What you have to do - In the entries that follow, the first line to write out is the one containing "Erie All-American Soap", and the last is the one containing "Stock Photo: 1042-7208A". Reproduce that stretch exactly, with nothing before or after it.

Material provided -
BEGIN
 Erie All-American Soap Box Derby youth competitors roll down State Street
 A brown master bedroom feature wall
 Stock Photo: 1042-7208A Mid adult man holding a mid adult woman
END
BEGIN
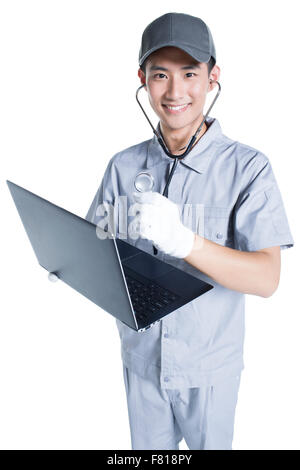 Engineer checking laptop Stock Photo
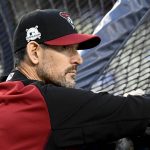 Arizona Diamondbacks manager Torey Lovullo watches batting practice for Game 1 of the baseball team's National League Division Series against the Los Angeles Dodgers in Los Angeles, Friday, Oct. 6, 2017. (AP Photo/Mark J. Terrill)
END
Answer for the task -
 Erie All-American Soap Box Derby youth competitors roll down State Street
 A brown master bedroom feature wall
 Stock Photo: 1042-7208A Mid adult man holding a mid adult woman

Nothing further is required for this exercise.